**** Dataset excerpts ****
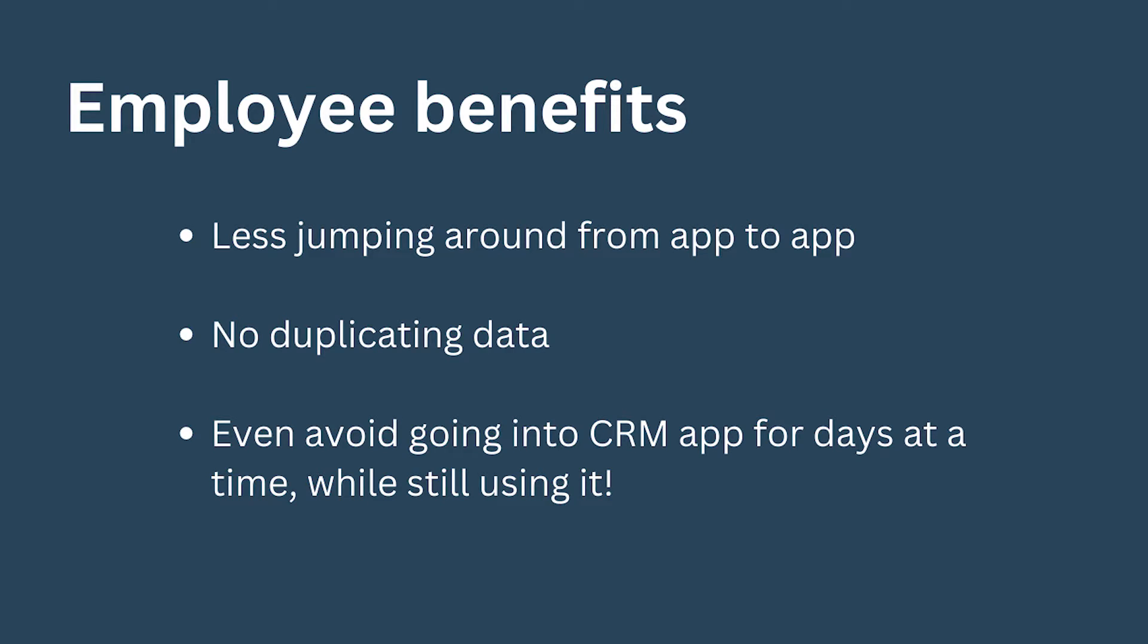You may even be able to avoid going into CRM for a day or more at a time because of these tracking activities, which can be immensely helpful to people who are not technically inclined or who would prefer to use as few apps as possible, as well as lower level CRM users who just don't do all that much in the system.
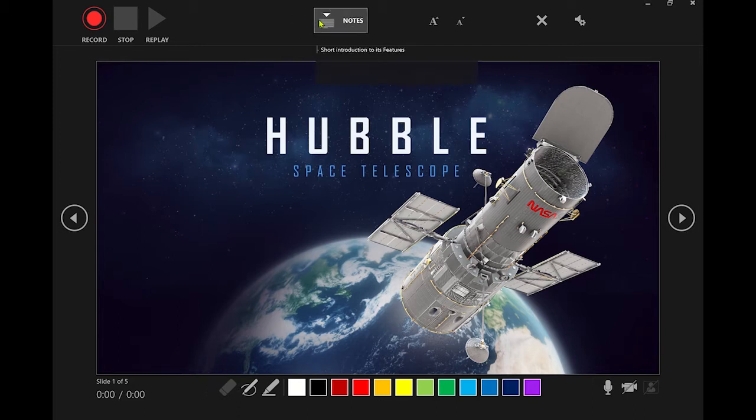When you are ready to start, click on Record and the countdown timer will be displayed, letting you know when the recording will begin, and you can then give your presentation. Clicking on the arrows on the side of the screen or on your keyboard will help you navigate through each slide.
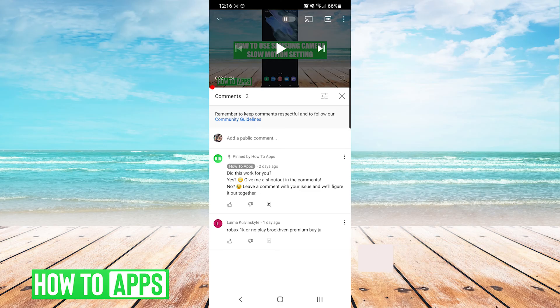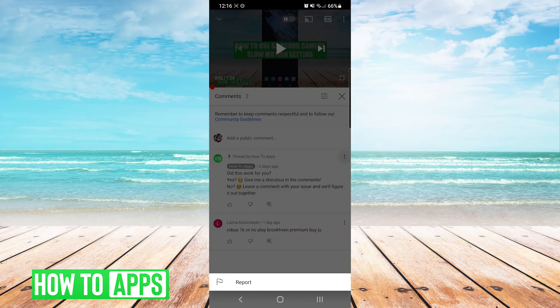From here you can add a public comment, you can like a comment, dislike a comment, or reply to a comment. Additionally, if you press the three dots on the right side of a comment you can report it as well.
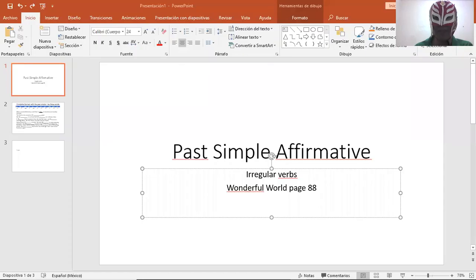In this occasion, I'm going to ask you to open your wonderful world book. Please open it up on page 88. And we're going to do the past simple affirmative, irregular verbs. Wonderful world page 88.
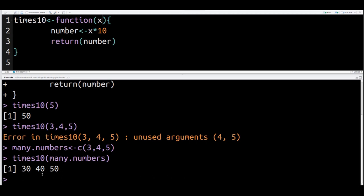In this particular video, we made a function where you multiply a number by 10. To make a function, you must first give it a name. It's also called an object. You use the function function. Inside the parentheses of the function function, you put how many arguments you're going to have. Then, after that, you use the curly braces, and you indicate inside the curly braces what the function is going to do.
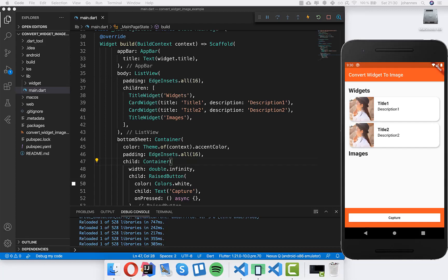Hello everyone! Today we are going to build an application where we convert widgets to images. I have created the application already — we have two widgets, and if we press this button they should be converted to images and displayed under this description. We want to convert these two widgets to images every time we press the capture button. So let's get started.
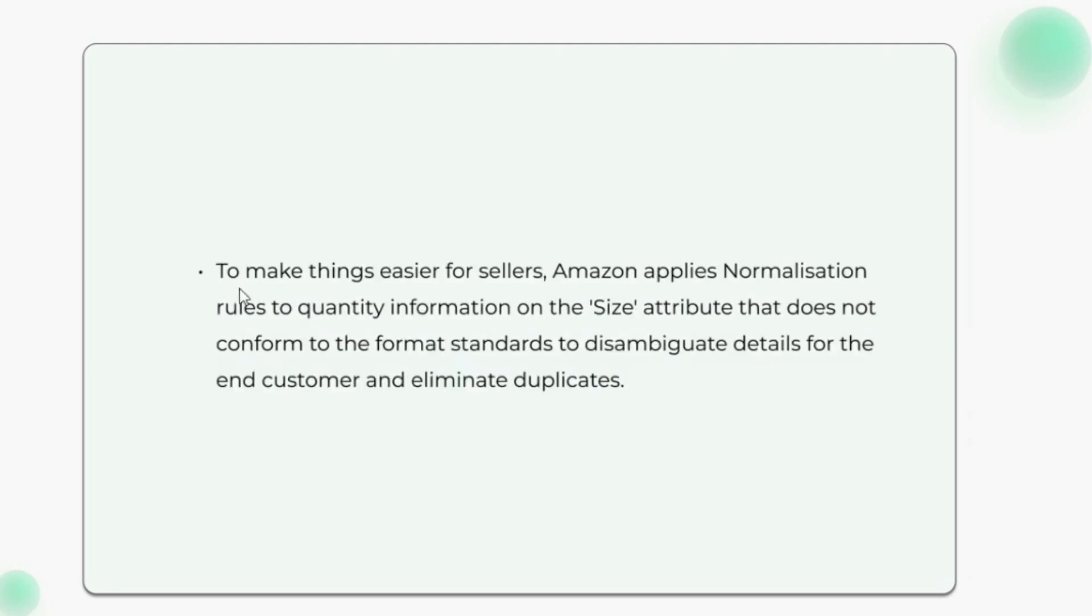To make things easier for sellers, Amazon applies normalization rules to quantity information on the size attribute that does not conform to the format standards to disambiguate details for the end customer and eliminate duplicates.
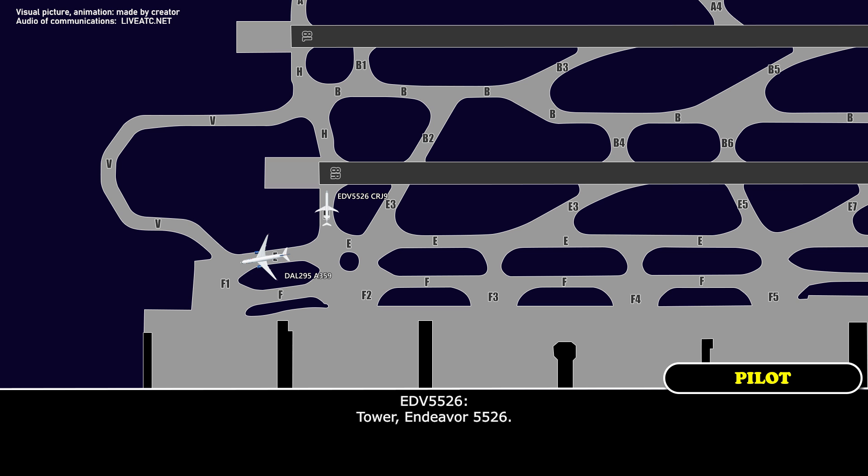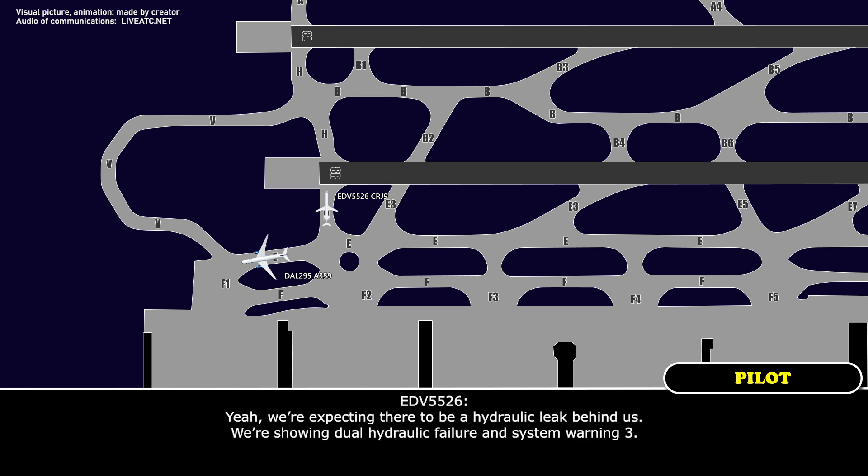Endeavor 5526, go ahead. Yeah, we're expecting there to be a hydraulic leak behind us. We're showing a dual hydraulic failure. This is the 1M3.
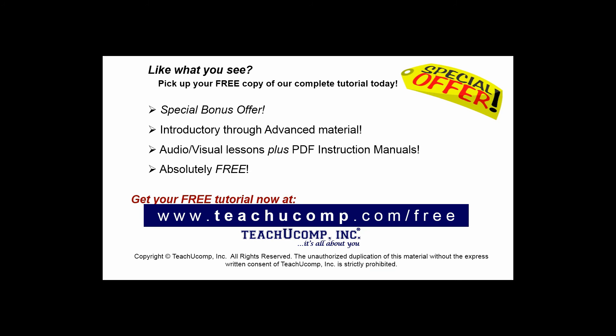Like what you see? Pick up your free copy of the complete tutorial at www.teachucomp.com forward slash free.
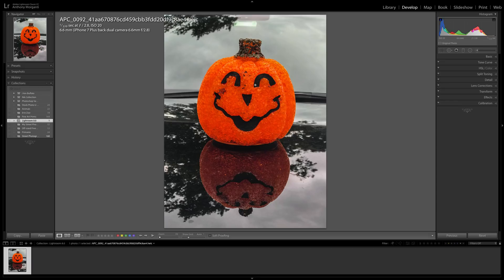What I am going to demonstrate in this video is another thing they added to version 8 of Lightroom Classic CC, and that is the Depth Range Mask. This is a mask available in the local adjustments — the graduated filter, the radial filter, or the brush — and it will only work with iPhone images that were shot in HEIC format, which is kind of like the RAW format for the iPhone.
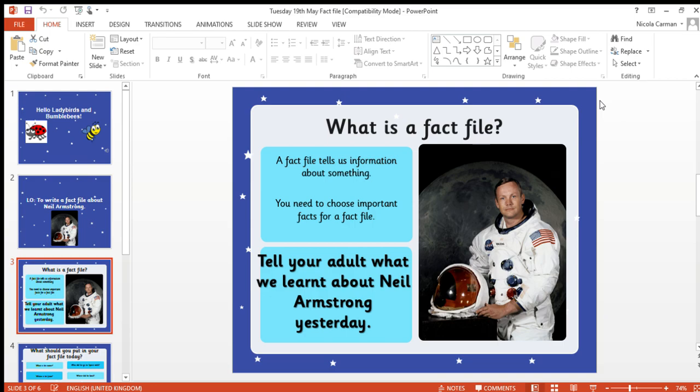So can you tell your adult what we learned about Neil Armstrong yesterday? Can you tell them any of the facts you can remember about him? Off you go. Did you tell them lots of interesting facts? Do you remember I told you that once we'd finished, maybe you could go and do your own research and find out some other things about Neil Armstrong? I wonder if you managed to find out anything different that you might use in your fact file today.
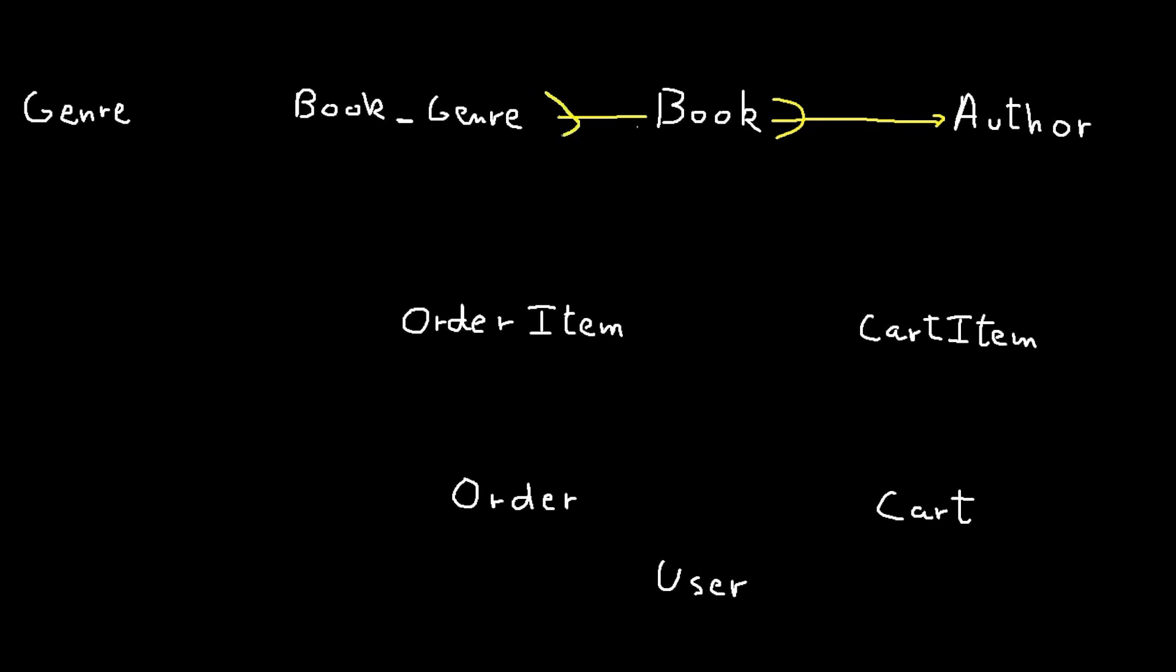A book genre instance is associated with one book, but a book can be associated with multiple book genres. A book genre instance can be associated with only one genre, but a genre can be associated with multiple book genre instances.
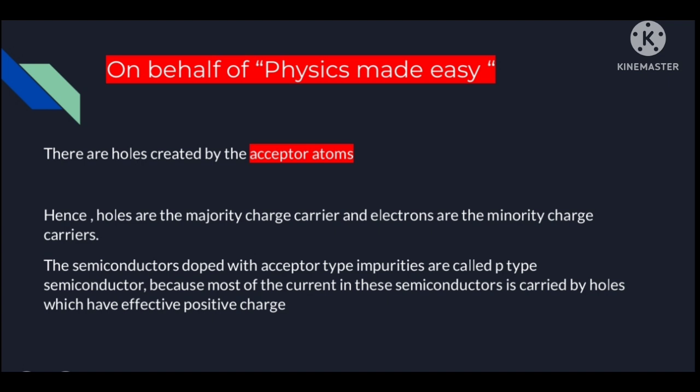Semiconductors doped with acceptor-type impurity are called p-type semiconductors. This is called acceptor-type impurity because each trivalent impurity atom accepts one electron from the valence band of silicon. Hence it is known as acceptor impurity, and this semiconductor is known as a p-type semiconductor.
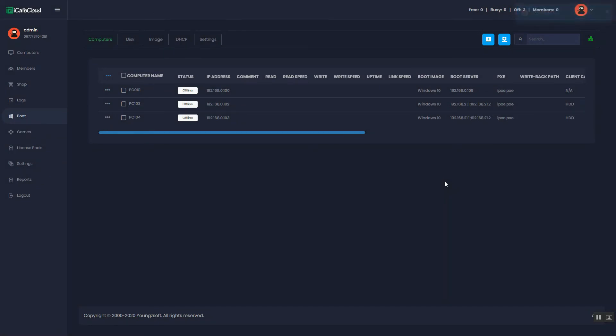You can also use Auto Scan function to add PC. To use Auto Scan function, click the Auto Scan button.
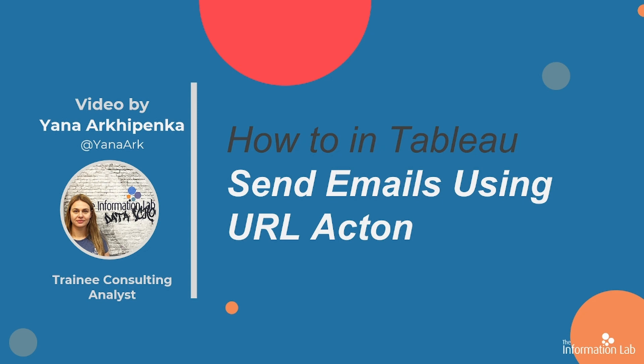Hi there, my name is Yana and I'm a member of the DataSchools 29 cohort at the Information Lab. In this video, I'm going to show you how to send emails using URL actions. This will let you create and send multiple custom emails within your Tableau dashboard. So let's jump right into Tableau and get started.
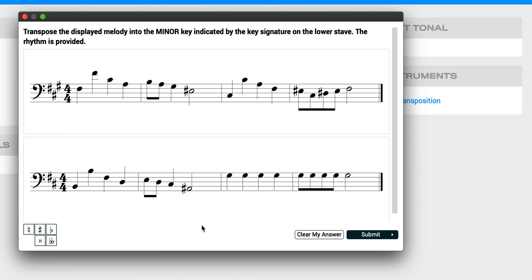So those are the steps. So you're going to start by identifying the key. Then you're going to go through, think through your scale degrees, and then you're just going to translate those scale degrees into the new key. Be careful that you keep the contour exactly the same between the two melodies. All right. That's it. Good luck.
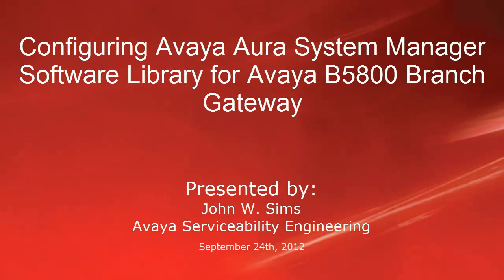Hello, this is John Sims with the Avaya Serviceability Engineering team. In this video, I'll cover how to configure Avaya System Manager to make use of an off-board software repository or library for the Avaya B5800 branch gateway.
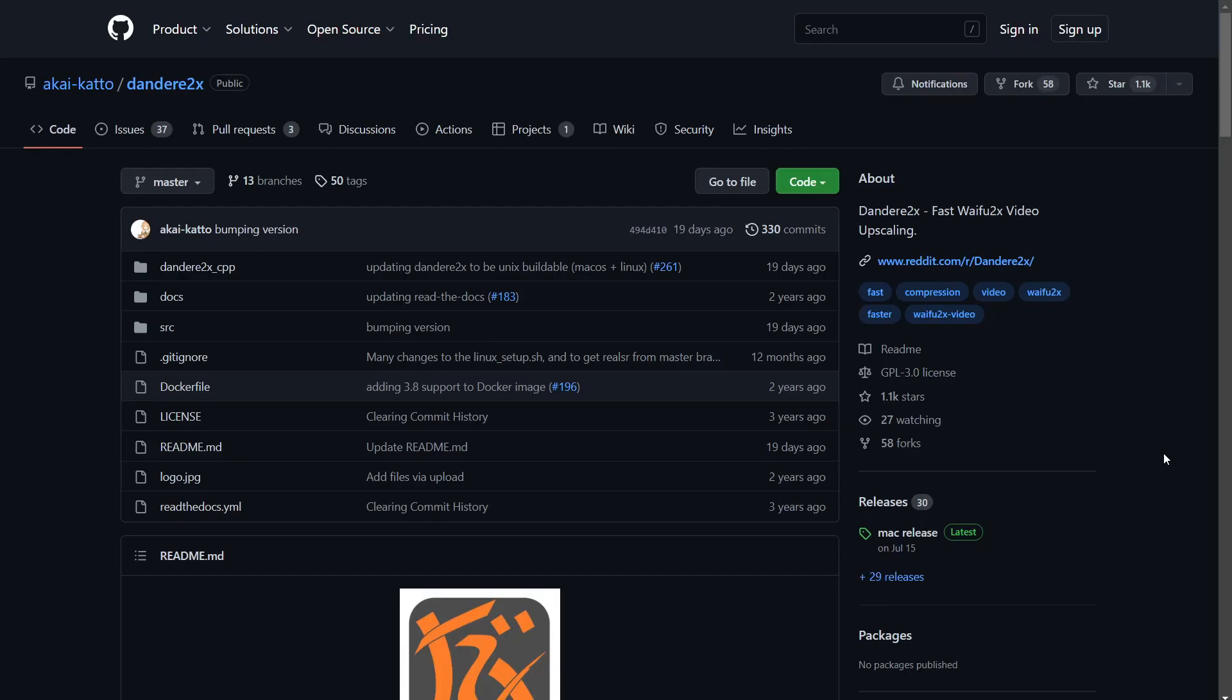Hi everyone, today I'm going to show you how to set up Dandory 2x and FileFlows. What Dandory 2x is, is an anime video upscaler and enhancer. It will double the resolution of any anime file and enhance the quality.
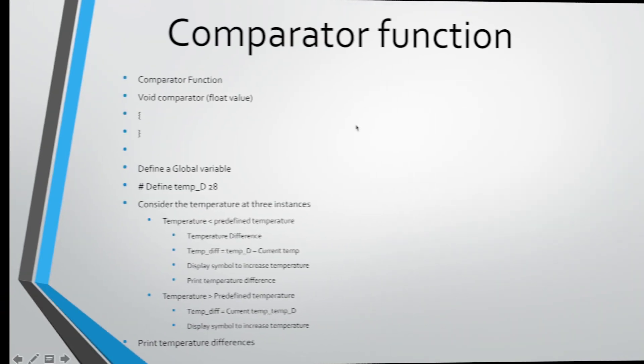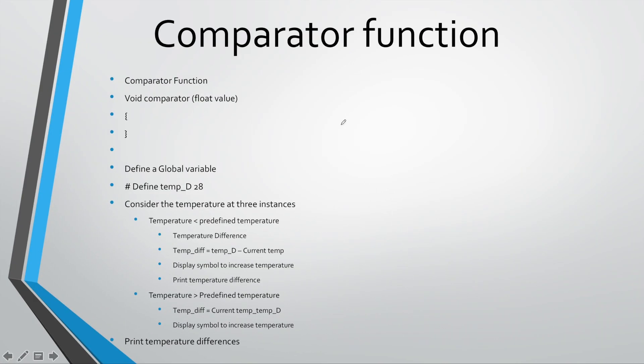The next one we have here is our comparator function. The comparator basically needs to, well we said that we have a predefined temperature that is already set in the code. In your case it is 28 degrees and that basically tells us that we want that room to always be at 28 degrees.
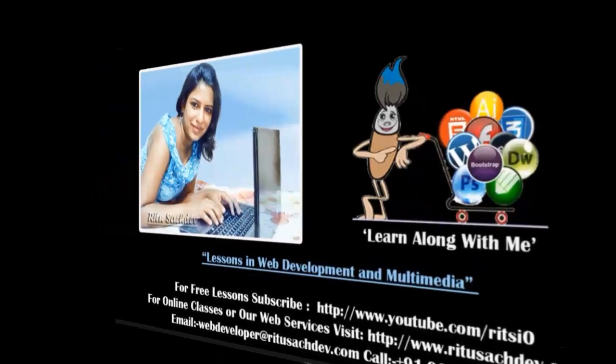Learn along with me. Hey guys, my name is Ritu Sajdev. In this tutorial, I am going to show you how you can create a responsive lightbox gallery for your website using jQuery plugin.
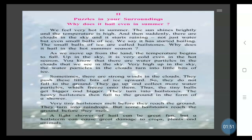But why does it hail in the hot summer season? Let's find out. As we move up from the land, the temperature begins to fall. Up in the sky, it is very cold even in the hot season. There are water particles in the clouds that we see in the sky.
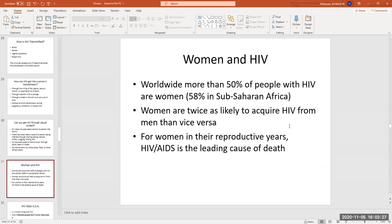Worldwide, more than 50% of the people who have HIV are women, and in sub-Saharan Africa it's 58%. Women are twice as likely to acquire HIV from men than men are from women — that's just due to the nature of the sex act; the skin can tear more easily in a female during intercourse. For women in their reproductive years, HIV-AIDS is the leading cause of death. Most people do not know that — that is a big deal.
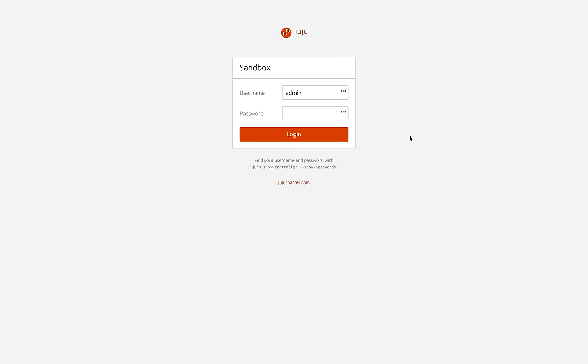Hey everyone, Jeff from the Juju UI engineering team here, announcing the latest major release of the Juju GUI 2.1.0.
****
** Problem to solve **
Exactly as they appear, repeat the lines from the one containing "Hi everyone, today" through the last line of the entries, counting both ends. Pictures stay out.

** Response area **
Hi everyone, today I'm going to show you how to set up Dandory 2x and FileFlows. What Dandory 2x is, is an anime video upscaler and enhancer. It will double the resolution of any anime file and enhance the quality.
The next one we have here is our comparator function. The comparator basically needs to, well we said that we have a predefined temperature that is already set in the code. In your case it is 28 degrees and that basically tells us that we want that room to always be at 28 degrees.
Learn along with me. Hey guys, my name is Ritu Sajdev. In this tutorial, I am going to show you how you can create a responsive lightbox gallery for your website using jQuery plugin.
But why does it hail in the hot summer season? Let's find out. As we move up from the land, the temperature begins to fall. Up in the sky, it is very cold even in the hot season. There are water particles in the clouds that we see in the sky.
Worldwide, more than 50% of the people who have HIV are women, and in sub-Saharan Africa it's 58%. Women are twice as likely to acquire HIV from men than men are from women — that's just due to the nature of the sex act; the skin can tear more easily in a female during intercourse. For women in their reproductive years, HIV-AIDS is the leading cause of death. Most people do not know that — that is a big deal.
Hey everyone, Jeff from the Juju UI engineering team here, announcing the latest major release of the Juju GUI 2.1.0.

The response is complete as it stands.